__Assignment__: Please write out each entry exactly as it appears.

Source data: Begin

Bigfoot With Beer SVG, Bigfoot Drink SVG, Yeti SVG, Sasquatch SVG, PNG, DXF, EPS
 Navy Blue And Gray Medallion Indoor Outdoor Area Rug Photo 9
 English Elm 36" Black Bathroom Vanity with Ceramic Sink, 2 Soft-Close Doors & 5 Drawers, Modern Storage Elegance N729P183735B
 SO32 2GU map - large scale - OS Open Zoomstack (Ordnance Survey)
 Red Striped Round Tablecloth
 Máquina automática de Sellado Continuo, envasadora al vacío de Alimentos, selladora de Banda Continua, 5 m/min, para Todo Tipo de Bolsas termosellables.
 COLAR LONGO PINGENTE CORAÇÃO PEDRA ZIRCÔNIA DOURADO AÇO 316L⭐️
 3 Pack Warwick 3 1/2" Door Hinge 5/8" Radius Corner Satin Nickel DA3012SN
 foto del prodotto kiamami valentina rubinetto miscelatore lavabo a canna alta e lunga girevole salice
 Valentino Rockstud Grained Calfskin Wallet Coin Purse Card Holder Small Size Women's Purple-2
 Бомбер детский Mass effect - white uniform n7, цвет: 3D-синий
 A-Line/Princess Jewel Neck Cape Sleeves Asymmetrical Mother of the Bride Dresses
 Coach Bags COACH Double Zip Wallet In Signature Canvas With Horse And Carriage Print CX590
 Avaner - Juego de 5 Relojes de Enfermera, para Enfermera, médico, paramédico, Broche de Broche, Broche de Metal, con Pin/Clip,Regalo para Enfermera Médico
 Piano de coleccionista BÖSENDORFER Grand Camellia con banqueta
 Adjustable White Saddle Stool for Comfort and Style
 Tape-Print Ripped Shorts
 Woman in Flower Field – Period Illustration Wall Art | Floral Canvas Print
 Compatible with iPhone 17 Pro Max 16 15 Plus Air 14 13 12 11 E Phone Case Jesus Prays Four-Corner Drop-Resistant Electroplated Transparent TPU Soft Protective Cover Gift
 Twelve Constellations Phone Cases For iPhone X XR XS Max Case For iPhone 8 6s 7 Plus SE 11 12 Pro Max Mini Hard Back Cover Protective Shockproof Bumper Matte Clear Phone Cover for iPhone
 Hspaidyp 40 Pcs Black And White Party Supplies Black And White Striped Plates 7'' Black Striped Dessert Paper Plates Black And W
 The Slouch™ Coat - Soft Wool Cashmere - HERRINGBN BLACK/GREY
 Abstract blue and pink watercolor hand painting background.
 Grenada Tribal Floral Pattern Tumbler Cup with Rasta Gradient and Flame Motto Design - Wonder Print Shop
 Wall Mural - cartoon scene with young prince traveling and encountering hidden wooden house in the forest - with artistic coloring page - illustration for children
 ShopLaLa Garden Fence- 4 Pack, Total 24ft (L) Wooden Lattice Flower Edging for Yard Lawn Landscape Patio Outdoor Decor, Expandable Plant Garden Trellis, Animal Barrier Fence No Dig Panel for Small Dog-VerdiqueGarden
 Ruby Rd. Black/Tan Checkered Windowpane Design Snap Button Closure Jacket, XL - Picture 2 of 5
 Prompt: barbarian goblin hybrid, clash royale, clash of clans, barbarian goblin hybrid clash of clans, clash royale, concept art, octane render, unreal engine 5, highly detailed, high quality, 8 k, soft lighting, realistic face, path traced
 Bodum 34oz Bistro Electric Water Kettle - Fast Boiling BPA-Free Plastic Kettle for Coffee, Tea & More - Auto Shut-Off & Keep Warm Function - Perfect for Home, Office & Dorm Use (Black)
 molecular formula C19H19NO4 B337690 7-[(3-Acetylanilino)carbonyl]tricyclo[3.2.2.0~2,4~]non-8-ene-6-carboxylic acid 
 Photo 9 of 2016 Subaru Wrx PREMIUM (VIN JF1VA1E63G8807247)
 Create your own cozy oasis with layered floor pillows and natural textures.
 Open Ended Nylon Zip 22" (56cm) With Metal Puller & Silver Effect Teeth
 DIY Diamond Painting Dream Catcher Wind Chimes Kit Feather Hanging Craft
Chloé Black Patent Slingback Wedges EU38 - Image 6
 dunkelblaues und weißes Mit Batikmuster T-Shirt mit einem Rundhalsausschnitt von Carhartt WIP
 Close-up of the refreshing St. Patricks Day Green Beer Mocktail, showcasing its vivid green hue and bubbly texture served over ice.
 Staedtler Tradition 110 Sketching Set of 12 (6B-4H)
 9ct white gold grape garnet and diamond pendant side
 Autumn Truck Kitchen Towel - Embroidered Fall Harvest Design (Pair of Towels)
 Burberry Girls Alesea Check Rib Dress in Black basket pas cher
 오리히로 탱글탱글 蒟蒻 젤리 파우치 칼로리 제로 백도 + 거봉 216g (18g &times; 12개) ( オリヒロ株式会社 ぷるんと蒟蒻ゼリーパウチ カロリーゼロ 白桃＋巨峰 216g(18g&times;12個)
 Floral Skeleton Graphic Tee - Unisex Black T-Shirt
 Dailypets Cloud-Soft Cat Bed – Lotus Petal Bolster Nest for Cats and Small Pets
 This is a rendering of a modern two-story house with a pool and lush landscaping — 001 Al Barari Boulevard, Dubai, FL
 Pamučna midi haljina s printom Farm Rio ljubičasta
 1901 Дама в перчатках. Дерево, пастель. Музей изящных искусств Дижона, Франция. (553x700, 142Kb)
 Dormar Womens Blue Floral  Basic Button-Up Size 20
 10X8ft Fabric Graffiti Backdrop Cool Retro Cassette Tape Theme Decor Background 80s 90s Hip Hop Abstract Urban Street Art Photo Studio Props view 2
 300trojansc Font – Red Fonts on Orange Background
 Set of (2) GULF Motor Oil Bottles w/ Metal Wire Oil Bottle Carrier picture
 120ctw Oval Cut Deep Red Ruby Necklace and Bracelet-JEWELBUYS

Source data: End

__Exercise response__:
Bigfoot With Beer SVG, Bigfoot Drink SVG, Yeti SVG, Sasquatch SVG, PNG, DXF, EPS
 Navy Blue And Gray Medallion Indoor Outdoor Area Rug Photo 9
 English Elm 36" Black Bathroom Vanity with Ceramic Sink, 2 Soft-Close Doors & 5 Drawers, Modern Storage Elegance N729P183735B
 SO32 2GU map - large scale - OS Open Zoomstack (Ordnance Survey)
 Red Striped Round Tablecloth
 Máquina automática de Sellado Continuo, envasadora al vacío de Alimentos, selladora de Banda Continua, 5 m/min, para Todo Tipo de Bolsas termosellables.
 COLAR LONGO PINGENTE CORAÇÃO PEDRA ZIRCÔNIA DOURADO AÇO 316L⭐️
 3 Pack Warwick 3 1/2" Door Hinge 5/8" Radius Corner Satin Nickel DA3012SN
 foto del prodotto kiamami valentina rubinetto miscelatore lavabo a canna alta e lunga girevole salice
 Valentino Rockstud Grained Calfskin Wallet Coin Purse Card Holder Small Size Women's Purple-2
 Бомбер детский Mass effect - white uniform n7, цвет: 3D-синий
 A-Line/Princess Jewel Neck Cape Sleeves Asymmetrical Mother of the Bride Dresses
 Coach Bags COACH Double Zip Wallet In Signature Canvas With Horse And Carriage Print CX590
 Avaner - Juego de 5 Relojes de Enfermera, para Enfermera, médico, paramédico, Broche de Broche, Broche de Metal, con Pin/Clip,Regalo para Enfermera Médico
 Piano de coleccionista BÖSENDORFER Grand Camellia con banqueta
 Adjustable White Saddle Stool for Comfort and Style
 Tape-Print Ripped Shorts
 Woman in Flower Field – Period Illustration Wall Art | Floral Canvas Print
 Compatible with iPhone 17 Pro Max 16 15 Plus Air 14 13 12 11 E Phone Case Jesus Prays Four-Corner Drop-Resistant Electroplated Transparent TPU Soft Protective Cover Gift
 Twelve Constellations Phone Cases For iPhone X XR XS Max Case For iPhone 8 6s 7 Plus SE 11 12 Pro Max Mini Hard Back Cover Protective Shockproof Bumper Matte Clear Phone Cover for iPhone
 Hspaidyp 40 Pcs Black And White Party Supplies Black And White Striped Plates 7'' Black Striped Dessert Paper Plates Black And W
 The Slouch™ Coat - Soft Wool Cashmere - HERRINGBN BLACK/GREY
 Abstract blue and pink watercolor hand painting background.
 Grenada Tribal Floral Pattern Tumbler Cup with Rasta Gradient and Flame Motto Design - Wonder Print Shop
 Wall Mural - cartoon scene with young prince traveling and encountering hidden wooden house in the forest - with artistic coloring page - illustration for children
 ShopLaLa Garden Fence- 4 Pack, Total 24ft (L) Wooden Lattice Flower Edging for Yard Lawn Landscape Patio Outdoor Decor, Expandable Plant Garden Trellis, Animal Barrier Fence No Dig Panel for Small Dog-VerdiqueGarden
 Ruby Rd. Black/Tan Checkered Windowpane Design Snap Button Closure Jacket, XL - Picture 2 of 5
 Prompt: barbarian goblin hybrid, clash royale, clash of clans, barbarian goblin hybrid clash of clans, clash royale, concept art, octane render, unreal engine 5, highly detailed, high quality, 8 k, soft lighting, realistic face, path traced
 Bodum 34oz Bistro Electric Water Kettle - Fast Boiling BPA-Free Plastic Kettle for Coffee, Tea & More - Auto Shut-Off & Keep Warm Function - Perfect for Home, Office & Dorm Use (Black)
 molecular formula C19H19NO4 B337690 7-[(3-Acetylanilino)carbonyl]tricyclo[3.2.2.0~2,4~]non-8-ene-6-carboxylic acid 
 Photo 9 of 2016 Subaru Wrx PREMIUM (VIN JF1VA1E63G8807247)
 Create your own cozy oasis with layered floor pillows and natural textures.
 Open Ended Nylon Zip 22" (56cm) With Metal Puller & Silver Effect Teeth
 DIY Diamond Painting Dream Catcher Wind Chimes Kit Feather Hanging Craft
Chloé Black Patent Slingback Wedges EU38 - Image 6
 dunkelblaues und weißes Mit Batikmuster T-Shirt mit einem Rundhalsausschnitt von Carhartt WIP
 Close-up of the refreshing St. Patricks Day Green Beer Mocktail, showcasing its vivid green hue and bubbly texture served over ice.
 Staedtler Tradition 110 Sketching Set of 12 (6B-4H)
 9ct white gold grape garnet and diamond pendant side
 Autumn Truck Kitchen Towel - Embroidered Fall Harvest Design (Pair of Towels)
 Burberry Girls Alesea Check Rib Dress in Black basket pas cher
 오리히로 탱글탱글 蒟蒻 젤리 파우치 칼로리 제로 백도 + 거봉 216g (18g &times; 12개) ( オリヒロ株式会社 ぷるんと蒟蒻ゼリーパウチ カロリーゼロ 白桃＋巨峰 216g(18g&times;12個)
 Floral Skeleton Graphic Tee - Unisex Black T-Shirt
 Dailypets Cloud-Soft Cat Bed – Lotus Petal Bolster Nest for Cats and Small Pets
 This is a rendering of a modern two-story house with a pool and lush landscaping — 001 Al Barari Boulevard, Dubai, FL
 Pamučna midi haljina s printom Farm Rio ljubičasta
 1901 Дама в перчатках. Дерево, пастель. Музей изящных искусств Дижона, Франция. (553x700, 142Kb)
 Dormar Womens Blue Floral  Basic Button-Up Size 20
 10X8ft Fabric Graffiti Backdrop Cool Retro Cassette Tape Theme Decor Background 80s 90s Hip Hop Abstract Urban Street Art Photo Studio Props view 2
 300trojansc Font – Red Fonts on Orange Background
 Set of (2) GULF Motor Oil Bottles w/ Metal Wire Oil Bottle Carrier picture
 120ctw Oval Cut Deep Red Ruby Necklace and Bracelet-JEWELBUYS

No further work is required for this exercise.